▶ PROBLEM DESCRIPTION
The records below are to be reproduced word for word.

▶ GIVEN DATA
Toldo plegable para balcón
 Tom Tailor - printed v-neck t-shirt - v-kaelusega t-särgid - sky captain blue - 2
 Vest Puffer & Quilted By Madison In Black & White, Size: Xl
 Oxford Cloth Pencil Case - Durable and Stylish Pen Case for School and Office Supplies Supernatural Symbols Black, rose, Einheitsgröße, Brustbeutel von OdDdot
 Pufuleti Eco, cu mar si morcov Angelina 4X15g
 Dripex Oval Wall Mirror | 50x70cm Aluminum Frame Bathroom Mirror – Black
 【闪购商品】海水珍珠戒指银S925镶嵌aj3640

▶ WRITTEN ANSWER
Toldo plegable para balcón
 Tom Tailor - printed v-neck t-shirt - v-kaelusega t-särgid - sky captain blue - 2
 Vest Puffer & Quilted By Madison In Black & White, Size: Xl
 Oxford Cloth Pencil Case - Durable and Stylish Pen Case for School and Office Supplies Supernatural Symbols Black, rose, Einheitsgröße, Brustbeutel von OdDdot
 Pufuleti Eco, cu mar si morcov Angelina 4X15g
 Dripex Oval Wall Mirror | 50x70cm Aluminum Frame Bathroom Mirror – Black
 【闪购商品】海水珍珠戒指银S925镶嵌aj3640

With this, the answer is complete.